Lots of teams would love to have UW’s offensive stats, but Huskies aren’t satisfied

By JOHN SLEEPER

Herald Writer

SEATTLE — For a 3-1 team ranked No. 13 in the nation, the Washington Huskies certainly have been the object of a lot of hand-wringing.

The numbers aren’t bad, but neither have they been as expected. The Huskies are third in the Pacific-10 Conference in scoring, rushing, total offense and first downs. In purely numerical terms, many offensive coordinators would love to have Washington’s problems.

Yet, the outrage, especially after Saturday’s 23-16 loss at Oregon, has been wilder than a Rick Ankiel fastball.

"We have not played as well as I believe we are capable," UW coach Rick Neuheisel said.

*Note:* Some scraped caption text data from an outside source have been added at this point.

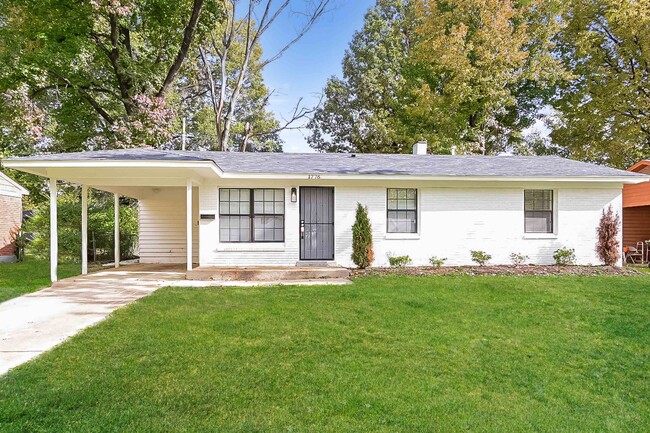 Photo - 1776 Tahiti Ln House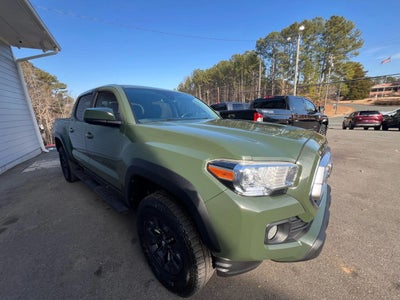 2021 Toyota Tacoma Double Cab SR5 Pickup 4D 5 ft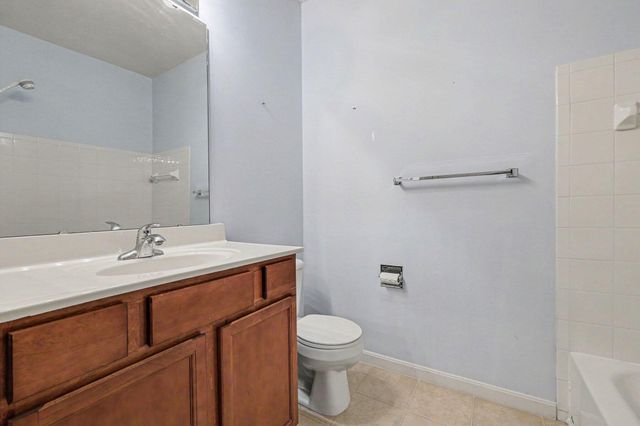 1174 Retriever Way, 110, Florence, KY 41042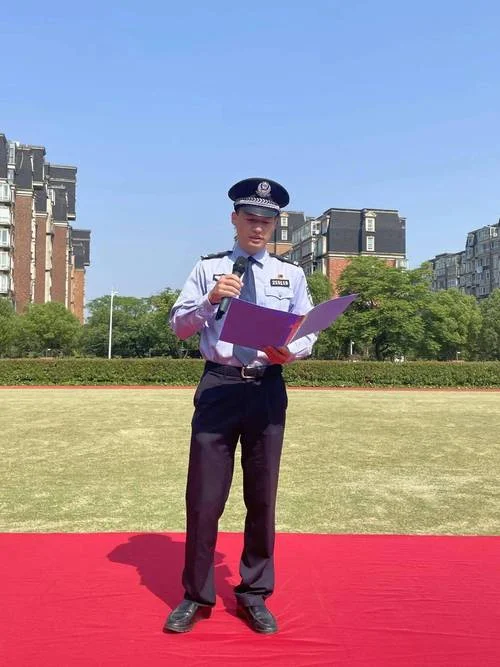上海致远中学校长_2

The numbers don’t reflect those of a team that was favored to win the Pac-10 title. There is just enough not going on with the Huskies, specifically with the offense, for Neuheisel to tinker with personnel.

Consider:

  • Although he leads the conference in total offense, quarterback Marques Tuiasosopo is completing just 49 percent of his passes (down from 58 percent last season), has seven interceptions and just four TD passes.

    In the first three quarters against Oregon, Tuiasosopo was just 6-for-21 passing before Washington was forced into opening up the offense with a 23-3 deficit.

  • The Huskies, who led the conference last year in time of possession, are fifth this season at 31:22 a game. It’s a number that needs to be bumped up, because Washington’s inexperienced receivers have had problems separating from defensive backs, making a quick strike virtually impossible.

    In other words, more often than not, Washington’s points will have to come on the end of long, sustained drives. That hasn’t happened with enough frequency. The Ducks had possession 11:04 longer than the Huskies.

  • Speaking of receivers, Jerramy Stevens leads the Huskies with 20 catches for 298 yards. It’s a statement of Stevens’ ability as much as an indictment of the Huskies’ wideouts.

    Graduation and injuries are part of the problem here. Chris Juergens’ knee injury will keep him out the entire season. Add that to Gerald Harris’ and Dane Looker’s graduation, and that’s 99 receptions and 1,374 receiving yards Washington had last year that it doesn’t this year.

    "That’s a lot of offense," UW offensive coordinator Keith Gilbertson said.

  • The running game, shared by Paul Arnold, Braxton Cleman, Willie Hurst and Rich Alexis, averages 170 yards a game, down 20 from last year. Solid, but not enough for a team whose passing game is struggling mightily.

    "Obviously, something is going wrong, because we are not getting the same yardage we got a year ago," Arnold said. "It’s hard to say what it is, but we are all trying to fix it. We have to do that pretty soon."

    Like, now.

    When the Huskies host Oregon State Saturday night, they face a defense ranked fourth in the nation in rushing defense and sixth in total defense. Sure, the Beavers played veritable powder puffs in Eastern Washington, New Mexico and San Diego State, but they did hold USC to 63 rushing yards.

    "These guys fly around and are at least as fast as any defense in our conference," Neuheisel said.

    An apparent believer in contrast, Neuheisel has said he will alternate Arnold’s quickness with Alexis’ power. That would give the Huskies the same type of different looks and modes of operation that they had in 1997, with Rashaan Shehee and Maurice Shaw.

    "I would just like to get a bigger back into the ballgame," Neuheisel said.

    To spice up the passing game, fleet wideout Wilbur Hooks will play Saturday after missing the Oregon game with an irregular heartbeat. The Huskies have been unable to stretch the field and sustain anything resembling a downfield passing game.

    The two changes may or may not increase Washington’s offensive productivity, but right now, the Huskies may need all the ideas they can get.

    "It’s an indictment of me, to start; and indictment of our offensive coaches and our offensive players," Neuheisel said.